In fulfilling its remit, the Scams Prevention Strategy Partnership & Advisory Group will undertake work in relation to the following topics:

  • strategic vision and outcomes – the strategy must have a well-rounded and coherent narrative that sets the ambition, ties actions together, and outlines the contribution that they make to the longer term outcomes for Scotland set out in the National Performance Framework (NPF).
  • mapping the landscape – strategic actions should be contextualised within the existing scams prevention landscape, taking into account of both current and potential new opportunities for collaboration and efficiency gains between relevant bodies.  It will be important to establish a shared and comprehensive understanding of: lines of communication, data sharing, signposting, other partnership working and any potential conflicts of interest or unaligned objectives across the various national (and, where appropriate, regional and local) advice providers, regulators, enforcement bodies and consumer interests and advocacy groups. 

And, informed by this work, the Partnership and Advisory Group will further deliver the following through establishment of three specific sub-working groups:

  • Data Sharing, Measuring and Monitoring – develop an approach to ensure consistency in the gathering, sharing and assessment of the scale of detriment created by scams for people living in Scotland, and the impact of interventions. This will include identifying and agreeing key indicators and a baseline measure for the effective monitoring and reporting of anti-scams interventions across partner organisations.    
  • Accessing Support and Enabling People – model the ideal consumer journey for the reporting of scams and access to further information, support and redress in Scotland; and use this as the basis for scoping feasible options and advising on the most effective route to its implementation, informed by the idea of a ‘single point of contact’ developed in our stakeholder engagement to date. This work will adhere to an assets-based approach to service design.
  • Sharing Good Practice – explore how greater coordination of awareness raising and targeted prevention interventions can be achieved within the existing landscape. This will include identifying how partners – including government – can best support the sharing of good practice and learning, as well as the practical implementation of a ‘cross-organisational calendar of events and campaigns’.

Roles and responsibilities

Governance and secretariat

The new Partnership and Advisory Group – including sub-working groups – will be Chaired by the Scottish Government.  

Secretariat functions for both the main Partnership and Advisory Group, and each supporting sub-working group, will be provided by the Scottish Government. This will include management of membership, meeting arrangements, coordination of communications, supporting wider engagement across members, and drafting and submission of formal recommendations to Ministers on behalf of the group. All formal correspondence of this nature between the Partnership and Advisory Group and Ministers, as drafted by the Secretariat, will be circulated to members in advance for approval.  

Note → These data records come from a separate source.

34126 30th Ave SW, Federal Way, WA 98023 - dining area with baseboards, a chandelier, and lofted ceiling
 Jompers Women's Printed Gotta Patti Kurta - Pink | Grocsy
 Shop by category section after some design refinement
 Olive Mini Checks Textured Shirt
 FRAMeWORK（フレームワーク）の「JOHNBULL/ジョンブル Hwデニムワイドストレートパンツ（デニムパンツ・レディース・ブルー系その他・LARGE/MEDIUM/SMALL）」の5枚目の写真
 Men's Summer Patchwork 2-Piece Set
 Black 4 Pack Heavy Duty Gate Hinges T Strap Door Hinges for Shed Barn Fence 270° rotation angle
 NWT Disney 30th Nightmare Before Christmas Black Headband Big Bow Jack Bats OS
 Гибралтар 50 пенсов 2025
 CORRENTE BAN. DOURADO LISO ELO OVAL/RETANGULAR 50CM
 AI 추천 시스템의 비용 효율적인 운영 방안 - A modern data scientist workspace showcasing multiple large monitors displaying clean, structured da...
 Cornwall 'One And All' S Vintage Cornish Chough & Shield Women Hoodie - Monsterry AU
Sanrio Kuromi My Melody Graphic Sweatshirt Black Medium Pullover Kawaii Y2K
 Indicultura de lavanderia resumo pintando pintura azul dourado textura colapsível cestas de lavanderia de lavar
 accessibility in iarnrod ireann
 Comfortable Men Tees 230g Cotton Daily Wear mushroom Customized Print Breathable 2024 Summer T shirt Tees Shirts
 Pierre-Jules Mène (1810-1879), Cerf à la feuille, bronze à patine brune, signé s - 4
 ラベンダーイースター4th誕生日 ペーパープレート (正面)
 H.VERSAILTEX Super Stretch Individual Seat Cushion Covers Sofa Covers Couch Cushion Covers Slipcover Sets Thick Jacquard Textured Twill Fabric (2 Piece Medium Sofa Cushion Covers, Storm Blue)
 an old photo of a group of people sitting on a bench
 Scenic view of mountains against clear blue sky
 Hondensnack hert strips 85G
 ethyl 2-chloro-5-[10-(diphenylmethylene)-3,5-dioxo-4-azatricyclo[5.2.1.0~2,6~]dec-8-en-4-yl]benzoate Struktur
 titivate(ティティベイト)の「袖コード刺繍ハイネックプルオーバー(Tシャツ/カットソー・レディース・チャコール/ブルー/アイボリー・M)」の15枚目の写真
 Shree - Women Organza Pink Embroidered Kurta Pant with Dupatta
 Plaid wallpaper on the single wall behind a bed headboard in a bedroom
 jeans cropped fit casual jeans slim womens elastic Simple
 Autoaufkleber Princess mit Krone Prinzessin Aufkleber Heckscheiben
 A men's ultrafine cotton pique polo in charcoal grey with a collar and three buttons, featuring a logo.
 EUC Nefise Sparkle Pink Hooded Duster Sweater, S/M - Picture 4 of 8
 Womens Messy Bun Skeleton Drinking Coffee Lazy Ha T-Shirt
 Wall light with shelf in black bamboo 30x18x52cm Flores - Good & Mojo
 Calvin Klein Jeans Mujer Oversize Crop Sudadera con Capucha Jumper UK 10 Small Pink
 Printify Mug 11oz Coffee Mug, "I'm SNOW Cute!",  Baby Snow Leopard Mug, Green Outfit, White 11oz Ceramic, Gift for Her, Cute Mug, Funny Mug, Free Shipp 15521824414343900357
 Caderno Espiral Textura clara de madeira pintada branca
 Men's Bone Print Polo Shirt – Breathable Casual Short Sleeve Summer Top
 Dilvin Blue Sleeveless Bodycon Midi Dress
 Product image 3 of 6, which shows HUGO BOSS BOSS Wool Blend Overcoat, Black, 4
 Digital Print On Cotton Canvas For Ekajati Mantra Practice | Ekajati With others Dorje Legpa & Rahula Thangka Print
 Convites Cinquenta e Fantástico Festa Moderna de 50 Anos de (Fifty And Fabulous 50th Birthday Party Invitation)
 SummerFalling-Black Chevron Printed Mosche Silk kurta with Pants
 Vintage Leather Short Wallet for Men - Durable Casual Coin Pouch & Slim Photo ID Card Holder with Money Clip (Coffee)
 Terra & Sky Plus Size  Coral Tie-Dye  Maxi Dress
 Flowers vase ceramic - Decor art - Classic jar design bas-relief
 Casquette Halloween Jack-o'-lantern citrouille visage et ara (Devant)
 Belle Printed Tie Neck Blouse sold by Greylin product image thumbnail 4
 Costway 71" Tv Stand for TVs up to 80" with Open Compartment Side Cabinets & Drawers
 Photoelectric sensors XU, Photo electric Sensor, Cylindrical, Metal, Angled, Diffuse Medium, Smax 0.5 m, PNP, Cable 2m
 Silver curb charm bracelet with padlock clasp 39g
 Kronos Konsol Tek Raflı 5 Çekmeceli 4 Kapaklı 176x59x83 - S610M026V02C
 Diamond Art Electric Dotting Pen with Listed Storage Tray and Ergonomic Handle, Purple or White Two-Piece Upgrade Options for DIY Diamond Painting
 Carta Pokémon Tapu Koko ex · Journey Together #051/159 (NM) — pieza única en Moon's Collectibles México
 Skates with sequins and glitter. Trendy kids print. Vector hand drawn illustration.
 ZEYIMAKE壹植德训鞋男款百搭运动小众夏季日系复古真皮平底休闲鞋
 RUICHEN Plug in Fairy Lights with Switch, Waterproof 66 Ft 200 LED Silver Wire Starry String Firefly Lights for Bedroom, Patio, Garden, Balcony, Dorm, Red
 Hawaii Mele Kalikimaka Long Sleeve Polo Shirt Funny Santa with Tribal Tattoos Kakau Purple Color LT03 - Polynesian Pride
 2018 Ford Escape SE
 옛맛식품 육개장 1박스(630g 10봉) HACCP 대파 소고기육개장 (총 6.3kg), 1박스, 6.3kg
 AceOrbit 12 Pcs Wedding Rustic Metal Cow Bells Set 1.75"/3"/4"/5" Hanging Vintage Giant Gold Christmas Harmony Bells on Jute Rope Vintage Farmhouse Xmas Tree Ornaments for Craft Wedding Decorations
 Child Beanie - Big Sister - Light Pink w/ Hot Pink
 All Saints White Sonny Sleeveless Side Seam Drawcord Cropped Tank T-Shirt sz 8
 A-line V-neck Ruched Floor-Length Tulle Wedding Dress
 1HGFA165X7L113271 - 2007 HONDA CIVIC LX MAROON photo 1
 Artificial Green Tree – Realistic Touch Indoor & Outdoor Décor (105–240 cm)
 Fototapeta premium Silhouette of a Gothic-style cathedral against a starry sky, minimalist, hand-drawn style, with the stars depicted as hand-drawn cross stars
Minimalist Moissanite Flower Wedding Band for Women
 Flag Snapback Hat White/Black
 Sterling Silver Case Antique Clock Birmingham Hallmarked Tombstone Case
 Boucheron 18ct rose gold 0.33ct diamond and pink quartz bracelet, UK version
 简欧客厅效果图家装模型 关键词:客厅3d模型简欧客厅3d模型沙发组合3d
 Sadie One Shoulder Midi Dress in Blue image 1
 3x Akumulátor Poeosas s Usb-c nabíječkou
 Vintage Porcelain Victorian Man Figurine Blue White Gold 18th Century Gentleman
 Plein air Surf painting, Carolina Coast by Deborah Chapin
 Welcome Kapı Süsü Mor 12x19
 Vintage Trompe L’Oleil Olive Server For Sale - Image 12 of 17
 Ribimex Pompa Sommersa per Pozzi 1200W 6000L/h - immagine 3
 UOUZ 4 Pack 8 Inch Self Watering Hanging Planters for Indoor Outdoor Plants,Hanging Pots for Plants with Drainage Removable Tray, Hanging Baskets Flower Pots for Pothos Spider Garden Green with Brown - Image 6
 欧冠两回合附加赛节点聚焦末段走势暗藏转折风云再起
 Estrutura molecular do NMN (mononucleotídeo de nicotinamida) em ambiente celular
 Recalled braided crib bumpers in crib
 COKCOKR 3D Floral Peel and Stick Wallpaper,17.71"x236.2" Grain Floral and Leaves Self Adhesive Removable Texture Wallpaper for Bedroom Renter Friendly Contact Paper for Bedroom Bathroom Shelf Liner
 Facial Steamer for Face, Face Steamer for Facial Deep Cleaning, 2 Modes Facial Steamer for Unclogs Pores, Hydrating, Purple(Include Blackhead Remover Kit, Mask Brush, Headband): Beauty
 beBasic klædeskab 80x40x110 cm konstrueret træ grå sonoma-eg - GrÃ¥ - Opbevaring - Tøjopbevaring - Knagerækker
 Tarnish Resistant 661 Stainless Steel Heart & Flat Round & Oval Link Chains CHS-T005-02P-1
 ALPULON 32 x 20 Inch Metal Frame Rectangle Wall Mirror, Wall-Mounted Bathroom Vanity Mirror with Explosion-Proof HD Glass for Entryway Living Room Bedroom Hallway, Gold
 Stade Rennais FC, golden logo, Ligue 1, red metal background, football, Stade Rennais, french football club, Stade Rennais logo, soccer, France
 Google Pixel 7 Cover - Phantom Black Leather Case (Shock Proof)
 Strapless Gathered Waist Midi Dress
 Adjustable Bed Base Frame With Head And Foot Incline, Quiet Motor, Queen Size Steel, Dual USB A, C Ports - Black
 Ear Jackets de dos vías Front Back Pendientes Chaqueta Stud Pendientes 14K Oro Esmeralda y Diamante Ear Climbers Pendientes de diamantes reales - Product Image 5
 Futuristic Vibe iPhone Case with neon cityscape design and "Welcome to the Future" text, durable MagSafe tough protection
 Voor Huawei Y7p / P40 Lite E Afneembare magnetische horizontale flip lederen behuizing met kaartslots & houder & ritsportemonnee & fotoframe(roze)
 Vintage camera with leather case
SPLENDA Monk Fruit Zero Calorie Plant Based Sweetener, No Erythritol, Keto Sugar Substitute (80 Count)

Agendas and associated papers for each meeting of the Partnership and Advisory Group, and its three sub-working groups, will be jointly developed and submitted by members in advance, supported by the Secretariat.  

The outputs of each sub-working groups will be presented to the full Partnership and Advisory Group for consideration and agreement, at the appropriate time. Formal recommendations based on these outputs will be determined by discussion and general consensus, or where required according to a simple majority vote of members of the Partnership and Advisory Group (each organisation will have one vote).   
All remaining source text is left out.